P.s-- I should note 
Yesterday he was fine around other people. We went to the dog park and he was completely fine being there with other dogs and new people that were there. 

I am just scared and confused... I don't want this to turn into a problem to where I will have to put him to sleep because he is to aggressive. 


Sent from Petguide.com Free App


----------



## selzer (May 7, 2005)

How old is the puppy?


----------



## Alessandra Todaro (Jan 23, 2013)

He is going to be 2 years old on Monday ! 


Sent from Petguide.com Free App


----------



## Alessandra Todaro (Jan 23, 2013)

He is cuddled up next to me trying to share his bone with me so I know it has nothing to do with me or my fiancé 


Sent from Petguide.com Free App


----------



## selzer (May 7, 2005)

I wouldn't take the dog back there. Maybe they tried to catch him and kicked him or stepped on his foot. Anyway the dog was most likely injured, hurt by the people there. 

If this is totally out of the blue, and up to now he has been good with people and dogs.


----------



## sarah1366 (Nov 3, 2013)

Well firstly dogs don't get aggressive cause he was grabbed to stop him getting hurt that type reaction says something more sinister went on my dog wouldn't be going back there if reacting like this then definitely something not right and for your dog to run and hide behind you says that dog was terrified you sure he hasn't been hit or something 

Sent from Petguide.com Free App


----------



## mebully21 (Nov 18, 2011)

Do not take him back there. Someone there was bad to him, he is telling you he is afraid of the people whi hurt him


----------



## Lilie (Feb 3, 2010)

Alessandra Todaro said:


> They told me that it all started when one of the dogs in isolation got out and they had to grab him quickly because they didn't want Brutus to get hurt.
> 
> Sent from Petguide.com Free App


This sentence alone tells me that more happened then they are telling you. I suspect Brutus was attacked by the dog in isolation. I suspect they had to pull them apart. Two dogs can fight like all get out and you may not find any external injuries. I would hate to think of what they might have done to both dogs trying to break up the fight. I suspect that it really scared Brutus. 

Based on their inability to contain dogs in isolation and based on the fact they had to chase Brutus down, I wouldn't leave my dog there again. 

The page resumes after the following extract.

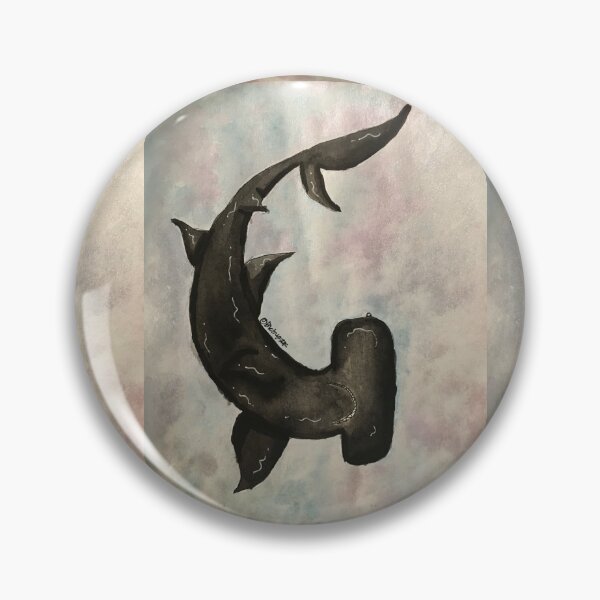 Item preview, Hammerhead Shark  designed and sold by Bre-Bug-242.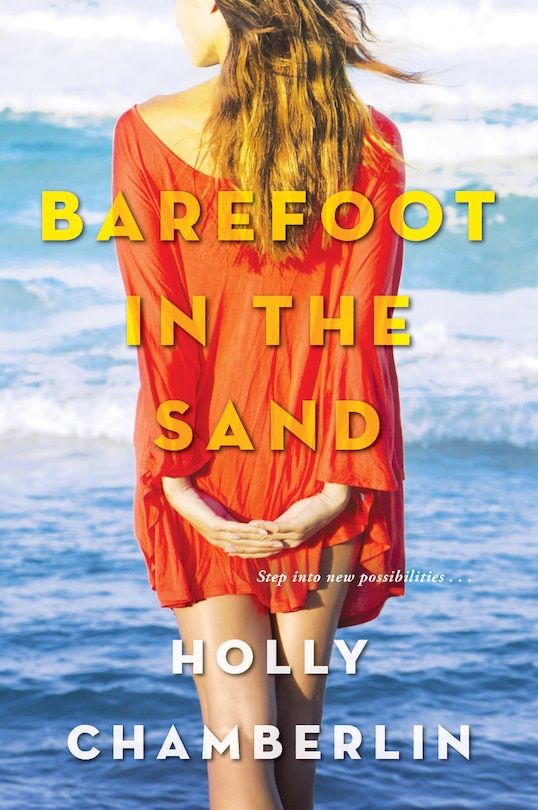 Front cover_Barefoot In The Sand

I would try to look more closely for any injuries.  Dog fights don't always result in huge gapping wounds.


----------



## Eiros (Jun 30, 2011)

Alessandra Todaro said:


> He is cuddled up next to me trying to share his bone with me so I know it has nothing to do with me or my fiancé
> 
> 
> Sent from Petguide.com Free App


Curious why you'd think it had something to do with his family, maybe I misread the story..

Sounds like he got scared or hurt and doesn't trust the people there anymore, I'd try another place! Good luck! 


Sent from Petguide.com Free App


----------



## Alessandra Todaro (Jan 23, 2013)

The reason I said it had nothing to do with at home was because they were questioning me to see if we spank him or if anything happened at home they needed to know 


Sent from Petguide.com Free App


----------



## Alessandra Todaro (Jan 23, 2013)

We do not spank at our home! I don't believe in spanking a dog when they have been bad. Now over there I don't know what happened. We are going tomorrow to talk to the counselor and view the video footage from yesterday. If something happened I am going to find out right away and they can bet it will not be nice


Sent from Petguide.com Free App


----------



## JakodaCD OA (May 14, 2000)

so they video? That's great, I would want to see that if I were you..

I have found with a couple of my dogs, not doggy daycare, but went to a training place that Masi, would avoid entering like the plague Had some negative incidents and would not go in to willingly I changed training places , big difference, she loves it, gladly goes in


----------



## middleofnowhere (Dec 20, 2000)

I would not take my dog back there. Videos be hanged. I just wouldn't do it. And why would you think you would have to put your dog down because he is telling you he hates this place now? Do you have to leave him at day care every day?


----------



## Midnight12 (Jan 6, 2012)

I would never trust them, whatever happened might not even show up in the video and could have been going on for sometime now. Your dog is trying to tell you the best he can, since he can't talk.


----------



## trcy (Mar 1, 2013)

My dog would not be going back there. He's telling you he's scared and there is a reason.


----------



## llombardo (Dec 11, 2011)

Listen to your dog.


----------



## katieliz (Mar 29, 2007)

I would like to repeat and emphasize...LISTEN TO YOUR DOG. Video be darned, just LiSTEN TO YOUR DOG.


----------



## Alessandra Todaro (Jan 23, 2013)

I should have listened and known..... He is irritable bowls so when he gets excited he has to go bad. That's what I thought it was and I left him there to be stressed out and miserable. They didn't even call me when the problem happened....they let him sit there like that all day and I had no idea. I won't ever be going back there again. And no I don't bring him I just dropped him off so he could play and have a good day while I was studying. Lesson learned ... I feel extremely guilty for not just taking him home right then and there 


Sent from Petguide.com Free App


----------



## JakodaCD OA (May 14, 2000)

He'll forgive you Did you see this on the video?


----------



## KathrynApril (Oct 3, 2013)

Which state was this one in? I was thinking of boarding my puppy there, once he has all his shots, so he gets some exposure in case I ever need to board him in the future.


----------



## Baillif (Jun 26, 2013)

When you board a dog with people that have a clue it can show up there with behaviors like that towards everyone outside the family and by the time you get it back it will at the very least not be showing that to the staff.


----------



## AKIRA3 (Jul 17, 2013)

I believe because our pups can't talk, they "show" us so many times what they are feeling.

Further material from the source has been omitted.